Short text fragments from websites =
******************************

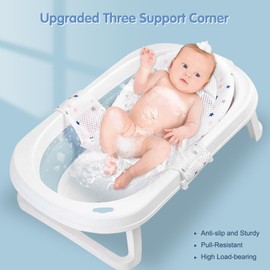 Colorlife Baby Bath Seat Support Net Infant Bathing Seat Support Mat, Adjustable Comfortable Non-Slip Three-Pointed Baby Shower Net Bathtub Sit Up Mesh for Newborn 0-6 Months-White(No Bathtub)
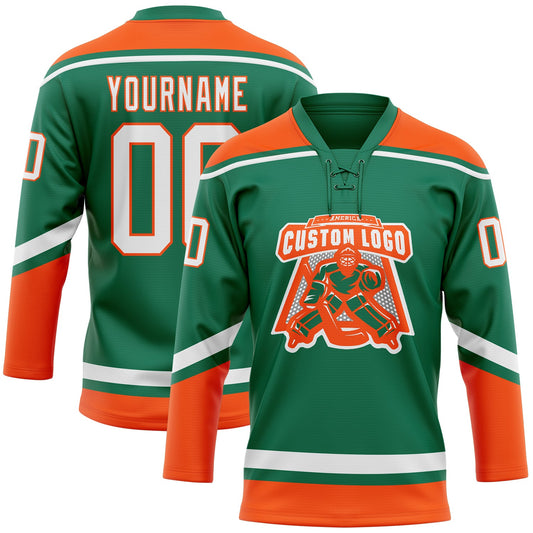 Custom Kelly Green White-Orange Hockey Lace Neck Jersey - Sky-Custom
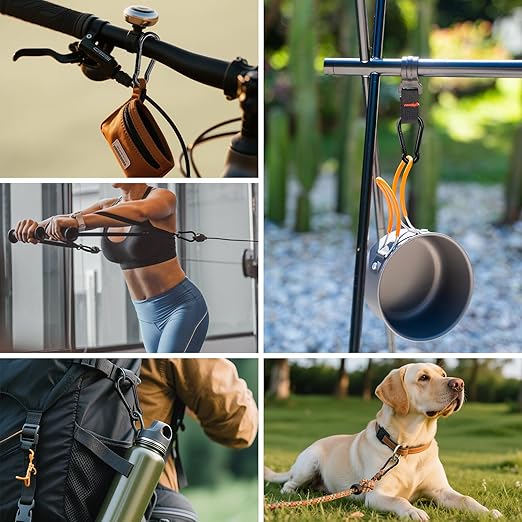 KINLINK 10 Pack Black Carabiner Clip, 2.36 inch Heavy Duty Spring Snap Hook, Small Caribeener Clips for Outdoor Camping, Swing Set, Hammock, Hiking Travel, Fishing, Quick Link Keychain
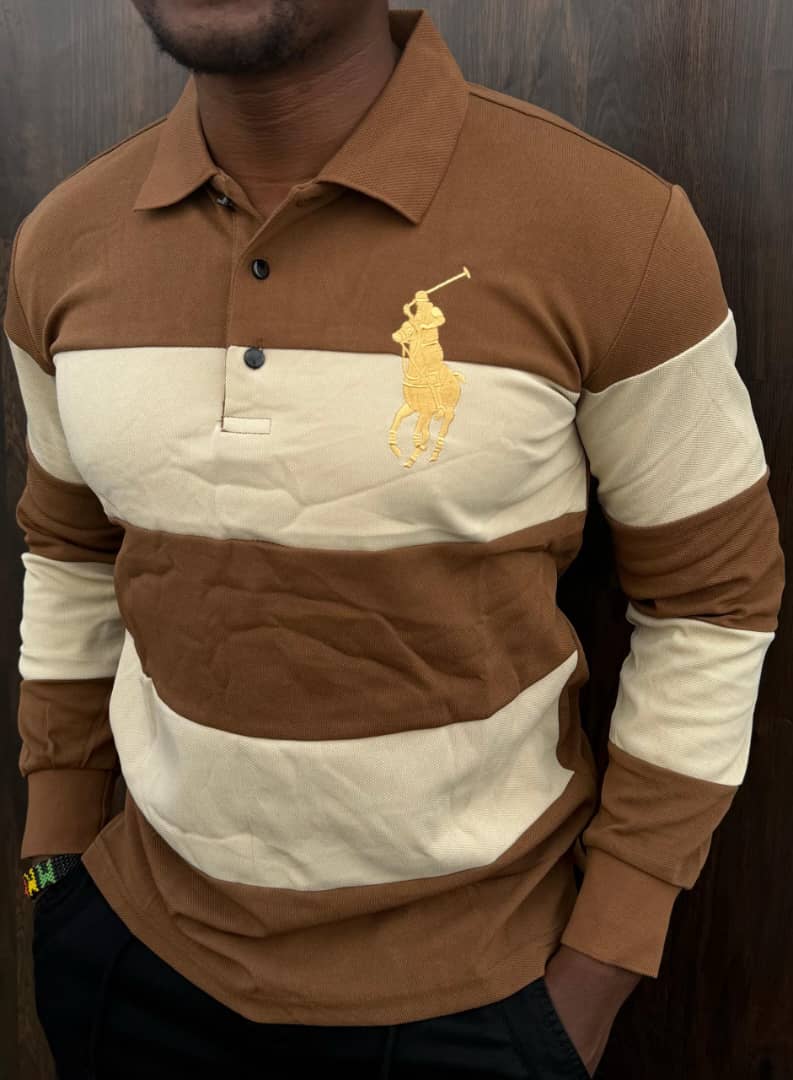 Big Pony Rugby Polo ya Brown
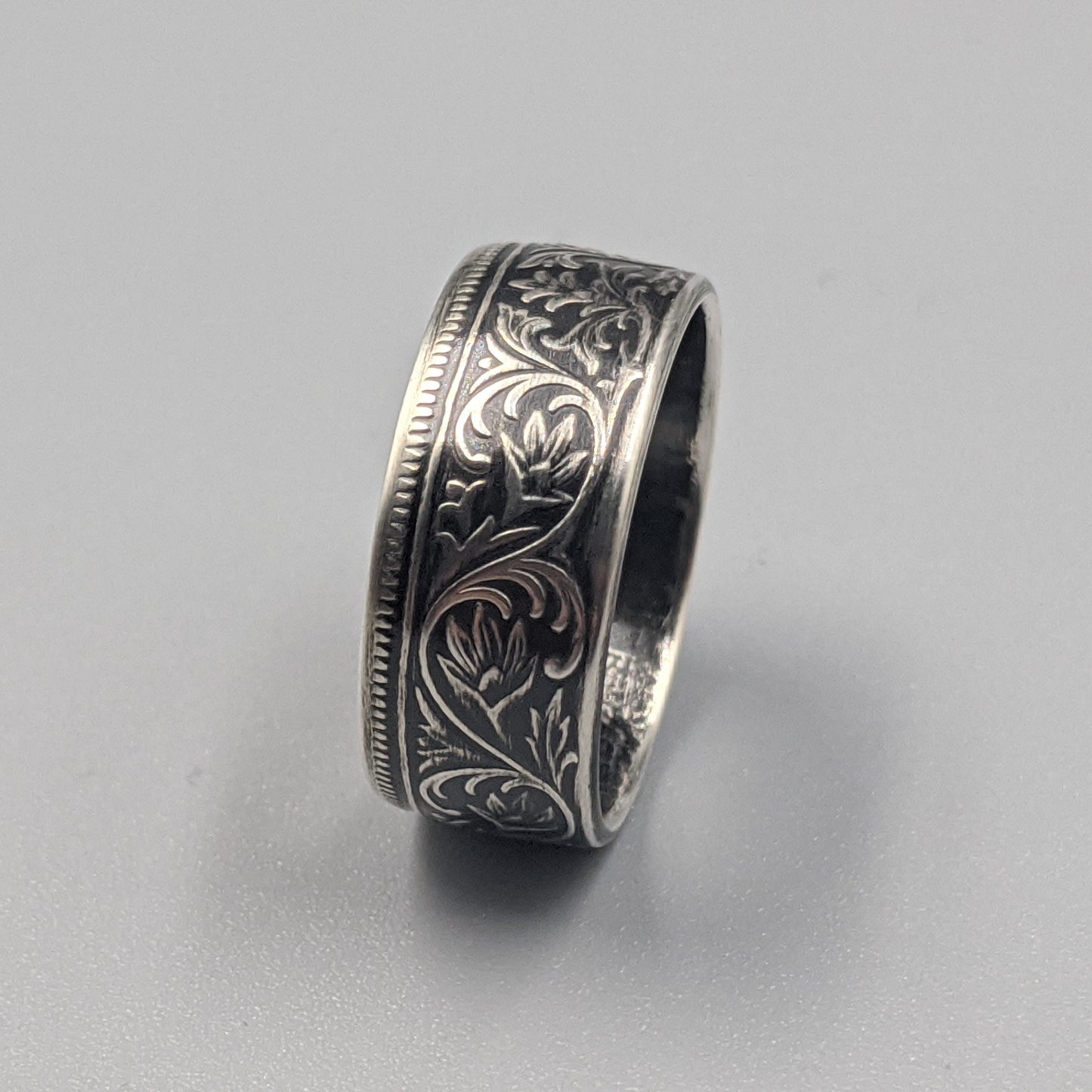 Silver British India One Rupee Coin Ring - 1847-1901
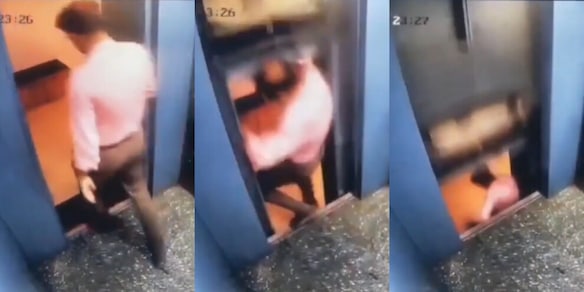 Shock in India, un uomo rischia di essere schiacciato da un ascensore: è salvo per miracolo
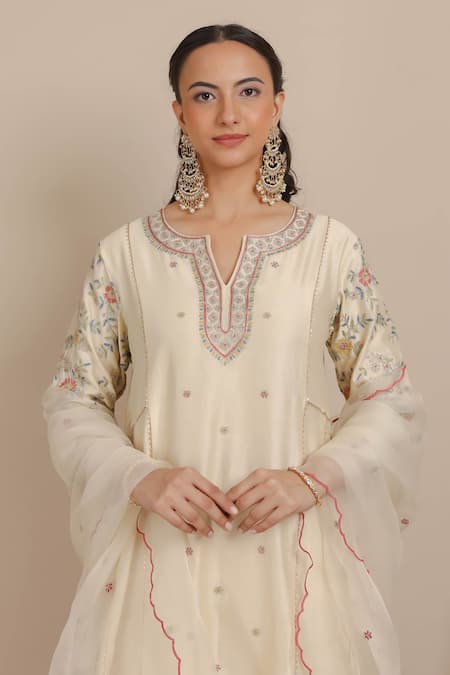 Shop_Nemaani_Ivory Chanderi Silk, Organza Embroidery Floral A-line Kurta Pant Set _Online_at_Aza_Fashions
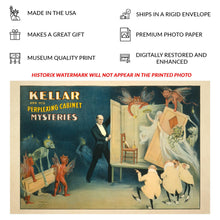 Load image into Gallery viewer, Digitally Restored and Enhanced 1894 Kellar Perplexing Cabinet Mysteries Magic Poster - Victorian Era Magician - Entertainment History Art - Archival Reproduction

******************************

Required action = In the reply, each line of the data must appear exactly as written, and no picture may appear.

Response box =
 Colorlife Baby Bath Seat Support Net Infant Bathing Seat Support Mat, Adjustable Comfortable Non-Slip Three-Pointed Baby Shower Net Bathtub Sit Up Mesh for Newborn 0-6 Months-White(No Bathtub)
 Custom Kelly Green White-Orange Hockey Lace Neck Jersey - Sky-Custom
 KINLINK 10 Pack Black Carabiner Clip, 2.36 inch Heavy Duty Spring Snap Hook, Small Caribeener Clips for Outdoor Camping, Swing Set, Hammock, Hiking Travel, Fishing, Quick Link Keychain
 Big Pony Rugby Polo ya Brown
 Silver British India One Rupee Coin Ring - 1847-1901
 Shock in India, un uomo rischia di essere schiacciato da un ascensore: è salvo per miracolo
 Shop_Nemaani_Ivory Chanderi Silk, Organza Embroidery Floral A-line Kurta Pant Set _Online_at_Aza_Fashions
 Load image into Gallery viewer, Digitally Restored and Enhanced 1894 Kellar Perplexing Cabinet Mysteries Magic Poster - Victorian Era Magician - Entertainment History Art - Archival Reproduction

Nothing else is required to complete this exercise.